Versioned Block Allocator
The Versioned Block Allocator is used by VOS for managing blocks on NVMe SSD, it's basically an extent based block allocator specially designed for DAOS.
Allocation metadata
The blocks allocated by VEA are used to store single value or array value in VOS. Since the address and size from each allocation is tracked in VOS index trees, the VEA allocation metadata tracks only free extents in a btree, more importantly, this allocation metadata is stored on SCM along with the VOS index trees, so that block allocation and index updating could be easily made into single PMDK transaction, at the same time, the performance would be much better than storing the metadata on NVMe SSD.
Scalable concurrency
Thanks to the shared-nothing architecture of DAOS server, scalable concurrency isn't a design cosideration for VEA, which means VEA doesn't have to split space into zones for mitigating the contention problem.
Delayed atomicity action
VOS update is executed in a 'delayed atomicity' manner, which consists of three steps:
- Reserve space for update and track the reservation transiently in DRAM;
- Start RMDA transfer to land data from client to reserved space;
- Turn the reservation into a persistent allocation and update the allocated address in VOS index within single PMDK transaction; Obviously, the advantage of this manner is that the atomicity of allocation and index updating can be guaranteed without an undo log to revert the actions in first step.

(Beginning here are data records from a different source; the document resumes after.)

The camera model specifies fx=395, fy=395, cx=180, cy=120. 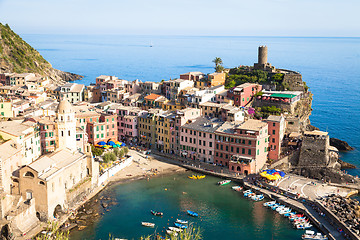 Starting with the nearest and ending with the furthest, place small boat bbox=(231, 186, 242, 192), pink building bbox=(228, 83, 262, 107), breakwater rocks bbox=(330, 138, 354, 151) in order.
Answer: small boat bbox=(231, 186, 242, 192)
breakwater rocks bbox=(330, 138, 354, 151)
pink building bbox=(228, 83, 262, 107)

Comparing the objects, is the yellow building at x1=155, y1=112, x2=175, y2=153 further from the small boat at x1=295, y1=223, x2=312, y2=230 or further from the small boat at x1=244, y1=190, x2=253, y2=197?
the small boat at x1=295, y1=223, x2=312, y2=230

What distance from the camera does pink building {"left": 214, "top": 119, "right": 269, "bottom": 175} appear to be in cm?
6950

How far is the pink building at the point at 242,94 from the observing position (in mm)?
88938

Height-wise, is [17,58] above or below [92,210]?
above

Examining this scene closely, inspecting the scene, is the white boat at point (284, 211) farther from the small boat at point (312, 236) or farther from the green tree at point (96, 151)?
the green tree at point (96, 151)

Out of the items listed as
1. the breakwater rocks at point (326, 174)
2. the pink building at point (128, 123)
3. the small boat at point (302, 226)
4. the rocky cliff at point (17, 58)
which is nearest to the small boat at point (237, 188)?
the breakwater rocks at point (326, 174)

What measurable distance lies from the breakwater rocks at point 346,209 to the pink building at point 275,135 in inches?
618

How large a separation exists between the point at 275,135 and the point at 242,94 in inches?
707

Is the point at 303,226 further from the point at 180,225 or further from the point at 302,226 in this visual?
the point at 180,225

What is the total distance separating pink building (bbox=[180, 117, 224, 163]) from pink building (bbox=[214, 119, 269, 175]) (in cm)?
150

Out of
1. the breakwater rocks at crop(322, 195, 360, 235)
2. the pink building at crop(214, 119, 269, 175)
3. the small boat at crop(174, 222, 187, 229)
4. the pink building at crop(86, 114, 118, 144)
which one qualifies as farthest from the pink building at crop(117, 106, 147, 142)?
the breakwater rocks at crop(322, 195, 360, 235)

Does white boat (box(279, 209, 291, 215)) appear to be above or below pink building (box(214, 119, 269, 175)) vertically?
below

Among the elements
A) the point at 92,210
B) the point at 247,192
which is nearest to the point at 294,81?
the point at 247,192

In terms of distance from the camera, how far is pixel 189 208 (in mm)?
59688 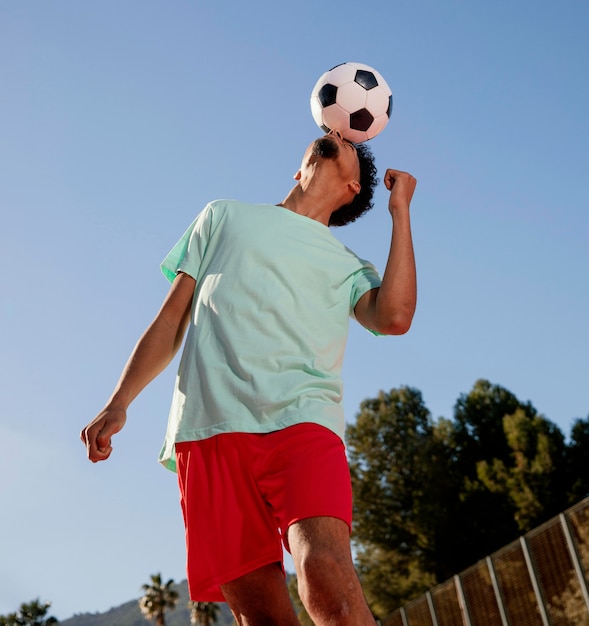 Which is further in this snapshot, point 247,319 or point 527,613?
point 527,613

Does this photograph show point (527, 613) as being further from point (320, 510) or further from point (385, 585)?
point (385, 585)

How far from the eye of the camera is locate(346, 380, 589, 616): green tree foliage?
3603 centimetres

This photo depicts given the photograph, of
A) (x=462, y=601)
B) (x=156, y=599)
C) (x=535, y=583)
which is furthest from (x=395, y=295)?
(x=156, y=599)

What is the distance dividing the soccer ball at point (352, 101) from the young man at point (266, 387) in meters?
0.91

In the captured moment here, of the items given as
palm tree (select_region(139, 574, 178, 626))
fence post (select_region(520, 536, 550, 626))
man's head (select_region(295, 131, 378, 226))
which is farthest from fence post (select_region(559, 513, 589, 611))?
palm tree (select_region(139, 574, 178, 626))

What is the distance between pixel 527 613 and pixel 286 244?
12.9m

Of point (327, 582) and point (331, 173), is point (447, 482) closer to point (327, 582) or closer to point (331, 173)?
point (331, 173)

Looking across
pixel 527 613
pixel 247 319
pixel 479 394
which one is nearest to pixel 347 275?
pixel 247 319

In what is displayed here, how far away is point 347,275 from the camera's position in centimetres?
304

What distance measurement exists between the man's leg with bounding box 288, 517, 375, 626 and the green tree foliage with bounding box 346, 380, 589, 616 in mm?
35139

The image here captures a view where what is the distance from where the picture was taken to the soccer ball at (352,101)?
4223 millimetres

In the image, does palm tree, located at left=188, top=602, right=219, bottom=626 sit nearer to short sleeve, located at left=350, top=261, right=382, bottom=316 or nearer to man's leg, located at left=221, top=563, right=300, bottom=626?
short sleeve, located at left=350, top=261, right=382, bottom=316

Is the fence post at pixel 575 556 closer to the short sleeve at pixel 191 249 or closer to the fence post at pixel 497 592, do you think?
the fence post at pixel 497 592

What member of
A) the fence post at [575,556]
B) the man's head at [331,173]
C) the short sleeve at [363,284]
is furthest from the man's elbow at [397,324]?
the fence post at [575,556] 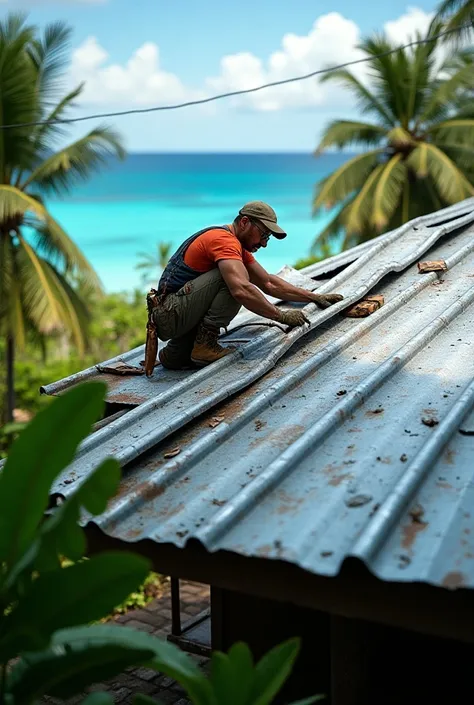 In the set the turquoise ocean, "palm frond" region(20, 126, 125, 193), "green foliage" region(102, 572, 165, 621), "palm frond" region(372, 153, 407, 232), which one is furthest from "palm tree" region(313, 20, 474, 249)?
the turquoise ocean

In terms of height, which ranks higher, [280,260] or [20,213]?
[20,213]

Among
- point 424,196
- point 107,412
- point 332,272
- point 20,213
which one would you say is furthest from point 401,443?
point 424,196

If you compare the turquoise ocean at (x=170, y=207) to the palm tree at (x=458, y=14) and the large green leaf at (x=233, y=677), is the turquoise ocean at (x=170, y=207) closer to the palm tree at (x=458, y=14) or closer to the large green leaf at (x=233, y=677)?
the palm tree at (x=458, y=14)

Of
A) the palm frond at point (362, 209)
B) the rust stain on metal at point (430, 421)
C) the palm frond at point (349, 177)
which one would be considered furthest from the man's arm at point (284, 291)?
the palm frond at point (349, 177)

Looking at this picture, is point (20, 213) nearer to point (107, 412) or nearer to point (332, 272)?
point (332, 272)

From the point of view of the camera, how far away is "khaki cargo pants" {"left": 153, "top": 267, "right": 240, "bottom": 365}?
4.80 metres

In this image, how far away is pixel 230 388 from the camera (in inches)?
169

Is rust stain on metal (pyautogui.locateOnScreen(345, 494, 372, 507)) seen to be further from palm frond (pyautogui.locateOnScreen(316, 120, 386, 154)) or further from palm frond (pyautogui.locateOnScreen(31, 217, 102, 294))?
palm frond (pyautogui.locateOnScreen(316, 120, 386, 154))

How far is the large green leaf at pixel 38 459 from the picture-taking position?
8.33 ft

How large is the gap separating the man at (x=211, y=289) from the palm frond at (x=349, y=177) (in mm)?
16325

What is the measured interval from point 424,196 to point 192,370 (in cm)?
1721

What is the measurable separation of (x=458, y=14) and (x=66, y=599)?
→ 18.5 m

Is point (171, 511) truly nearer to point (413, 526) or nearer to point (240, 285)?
point (413, 526)

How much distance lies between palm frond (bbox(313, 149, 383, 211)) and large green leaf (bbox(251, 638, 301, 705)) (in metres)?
18.8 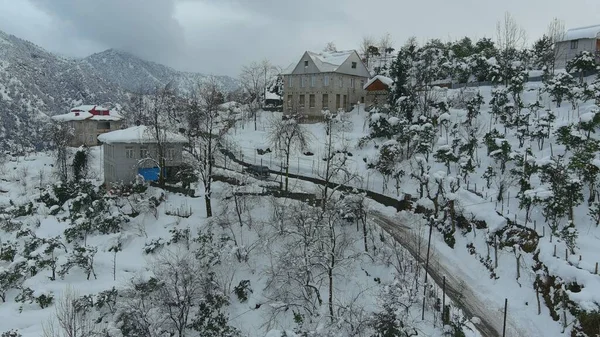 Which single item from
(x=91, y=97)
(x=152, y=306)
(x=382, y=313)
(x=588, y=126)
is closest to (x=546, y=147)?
(x=588, y=126)

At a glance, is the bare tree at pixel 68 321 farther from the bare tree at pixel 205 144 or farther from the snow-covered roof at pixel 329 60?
the snow-covered roof at pixel 329 60

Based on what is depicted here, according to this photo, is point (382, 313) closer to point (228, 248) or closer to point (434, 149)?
point (228, 248)

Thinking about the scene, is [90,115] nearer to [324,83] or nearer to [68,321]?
[324,83]

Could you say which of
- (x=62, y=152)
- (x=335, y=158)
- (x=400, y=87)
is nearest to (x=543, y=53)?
(x=400, y=87)

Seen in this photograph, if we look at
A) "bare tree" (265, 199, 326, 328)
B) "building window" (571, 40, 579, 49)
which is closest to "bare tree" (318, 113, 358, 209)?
"bare tree" (265, 199, 326, 328)

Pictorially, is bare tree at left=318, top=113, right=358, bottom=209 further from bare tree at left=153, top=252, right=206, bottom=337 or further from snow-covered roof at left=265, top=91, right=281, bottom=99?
snow-covered roof at left=265, top=91, right=281, bottom=99

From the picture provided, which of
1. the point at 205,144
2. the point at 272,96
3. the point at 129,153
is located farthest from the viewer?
the point at 272,96

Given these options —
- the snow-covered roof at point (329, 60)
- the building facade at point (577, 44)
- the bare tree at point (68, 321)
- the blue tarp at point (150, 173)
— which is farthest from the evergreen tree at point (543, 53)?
the bare tree at point (68, 321) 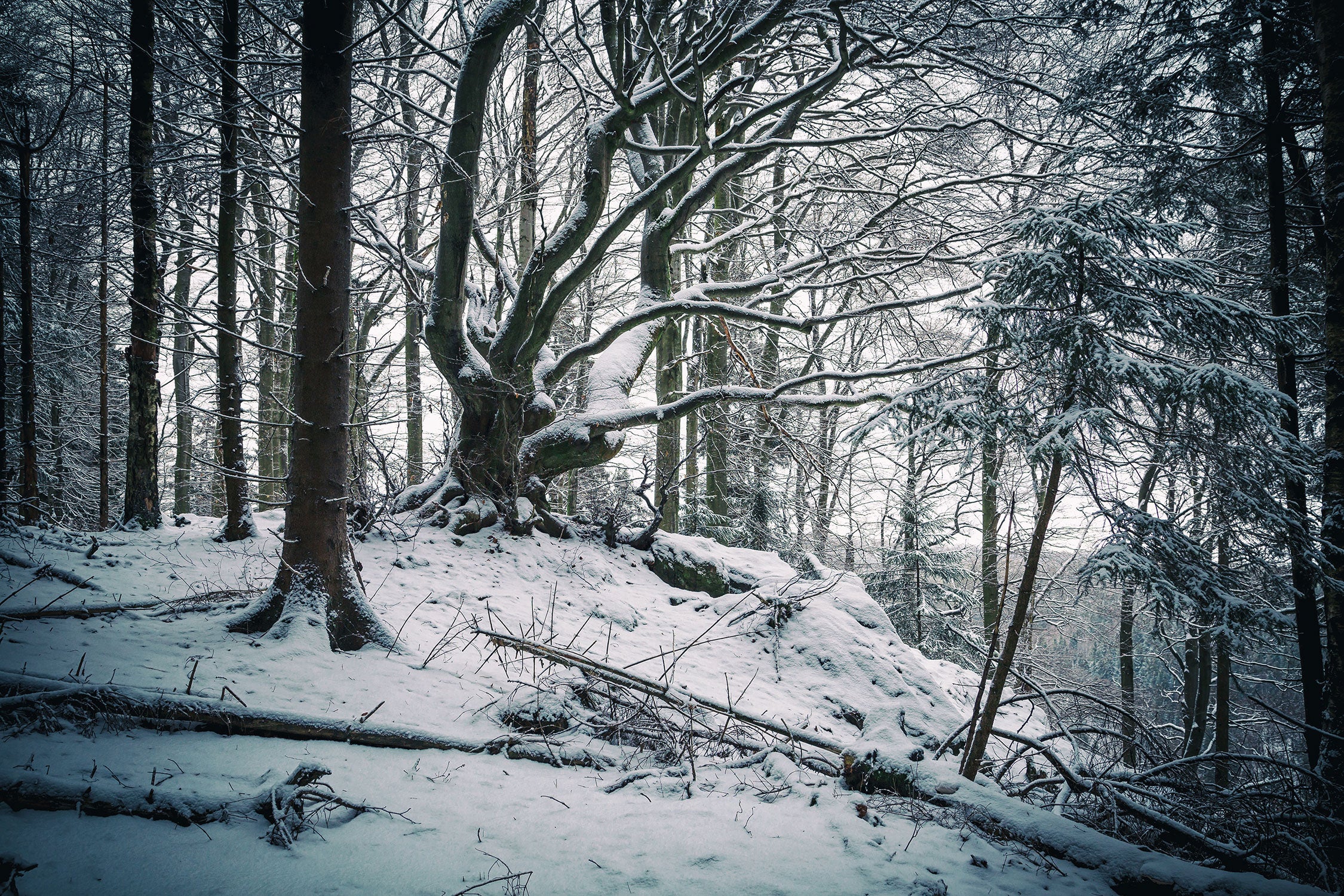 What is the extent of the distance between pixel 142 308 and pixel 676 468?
6.09 meters

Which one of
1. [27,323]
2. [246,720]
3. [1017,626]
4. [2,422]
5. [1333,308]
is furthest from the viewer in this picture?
[2,422]

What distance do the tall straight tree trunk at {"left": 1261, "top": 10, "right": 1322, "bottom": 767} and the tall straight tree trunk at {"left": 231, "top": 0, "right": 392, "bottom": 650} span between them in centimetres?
600

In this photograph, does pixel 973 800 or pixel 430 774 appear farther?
pixel 973 800

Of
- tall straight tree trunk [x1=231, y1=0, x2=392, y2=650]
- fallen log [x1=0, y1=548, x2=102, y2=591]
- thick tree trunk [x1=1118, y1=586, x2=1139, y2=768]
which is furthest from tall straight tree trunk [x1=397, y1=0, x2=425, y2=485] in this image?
thick tree trunk [x1=1118, y1=586, x2=1139, y2=768]

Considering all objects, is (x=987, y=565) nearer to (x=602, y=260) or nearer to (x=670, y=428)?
(x=670, y=428)

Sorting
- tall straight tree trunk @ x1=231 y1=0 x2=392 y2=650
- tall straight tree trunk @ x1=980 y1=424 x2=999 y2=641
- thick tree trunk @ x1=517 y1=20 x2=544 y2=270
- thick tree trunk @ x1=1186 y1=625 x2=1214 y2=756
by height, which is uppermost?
thick tree trunk @ x1=517 y1=20 x2=544 y2=270

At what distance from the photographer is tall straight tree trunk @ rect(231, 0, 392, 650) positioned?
11.9ft

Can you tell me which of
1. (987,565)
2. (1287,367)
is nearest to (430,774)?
(1287,367)

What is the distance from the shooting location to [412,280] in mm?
4898

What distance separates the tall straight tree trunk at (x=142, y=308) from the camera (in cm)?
613

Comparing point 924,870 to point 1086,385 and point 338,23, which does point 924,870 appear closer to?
point 1086,385

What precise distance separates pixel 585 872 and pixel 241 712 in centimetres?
163

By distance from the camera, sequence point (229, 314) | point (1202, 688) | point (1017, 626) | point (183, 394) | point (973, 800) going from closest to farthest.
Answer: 1. point (973, 800)
2. point (1017, 626)
3. point (229, 314)
4. point (183, 394)
5. point (1202, 688)

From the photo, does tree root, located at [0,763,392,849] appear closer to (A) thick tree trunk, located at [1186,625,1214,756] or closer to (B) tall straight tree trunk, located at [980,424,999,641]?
(B) tall straight tree trunk, located at [980,424,999,641] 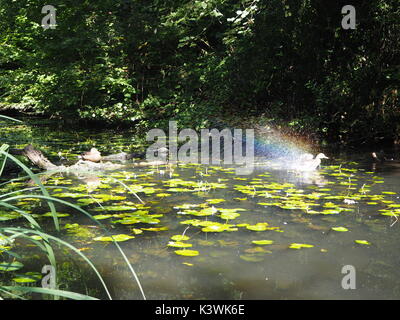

To support this delayed atomicity action, VEA maintains two sets of allocation metadata, one in DRAM for transient reservation, the other on SCM for persistent allocation.
Allocation hint
VEA assumes a predictable workload pattern: All the block allocate and free calls are from different 'IO streams', and the blocks allocated within the same IO stream are likely to be freed at the same time, so a straightforward conclusion is that external fragmentations could be reduced by making the per IO stream allocations contiguous.
The IO stream model perfectly matches DAOS storage architecture, there are two IO streams per VOS container, one is the regular updates from client or rebuild, the other one is the updates from background VOS aggregation. VEA provides a set of hint API for caller to keep a sequential locality for each IO stream, that requires each caller IO stream to track its own last allocated address and pass it to the VEA as a hint on next allocation.